Not all of these questions have researched answers. What we do know is that low-English and non-English-speaking patients face much higher risks in U.S. healthcare due to linguistic inaccessibility. In just my role as a receptionist, interpretive services enabled me to connect patients with health insurance resources, make appointments work for patients, and relay their messages to providers. Without interpreters, I imagine we would lose patients to care, detect fewer medical issues, and sacrifice patient-provider trust. CHA’s strides towards health equity, though imperfect, make a dramatic difference. Raising the standard of interpretive services in healthcare is essential to better care—safe and humane care—for all patients.
Works Cited
- “Diversity at CHA.” Cambridge Health Alliance, under “Multilingual Services,” www.challiance.org/about-cha/advancing-equity-at-cha/diversity. Accessed 15 Mar. 2025.

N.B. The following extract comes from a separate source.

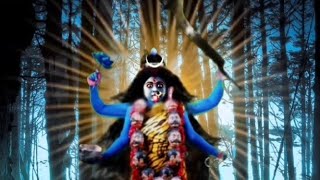 Twang Bidya Poroma।Debi Dashamahavidya।Devi Tara [upl. by Birgitta]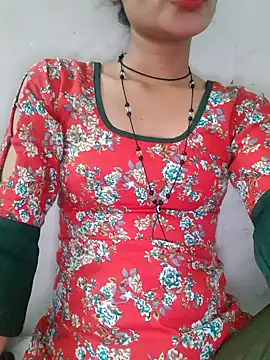 Hot_Riya_999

- Eldred, Sheila Mulrooney. “With Scarce Access To Interpreters, Immigrants Struggle To Understand Doctors’ Orders.” NPR, 15 Aug. 2018, https://www.npr.org/sections/health-shots/2018/08/15/638913165/with-scarce-access-to-medical-interpreters-immigrant-patients-struggle-to-unders. Accessed 16 Mar. 2025.
- Schenker, Yael, et al. “Patterns of interpreter use for hospitalized patients with limited English proficiency.” Journal of general internal medicine vol. 26, no. 7 (2011): 712-7. doi:10.1007/s11606-010-1619-z
- Mulji, Yasmin. “How Language Barriers Undermine Healthcare Outcomes.” TEDxNHS, Sept. 2023, https://www.youtube.com/watch?v=wkfxEoEgozo.
- Miller, Christopher J., et al. “Screening for intimate partner violence in healthcare settings: An implementation-oriented systematic review.” Implementation research and practice vol. 2 (2021): 26334895211039894. doi:10.1177/26334895211039894
Footnotes
[1] Typically, patients need a referral from primary care to see CHA specialties such as gynecology. However, prenatal patients do not need a referral (a positive home pregnancy test counts). Many do not have a primary care provider before coming to us. Some set up primary care at our recommendation. Additionally, many patients come to us after a CHA Emergency Department visit (which similarly suffices in place of a formal referral). These patients frequently have no regular medical provider. Sometimes, such patients are brand new to Massachusetts; more often, they have foregone routine care.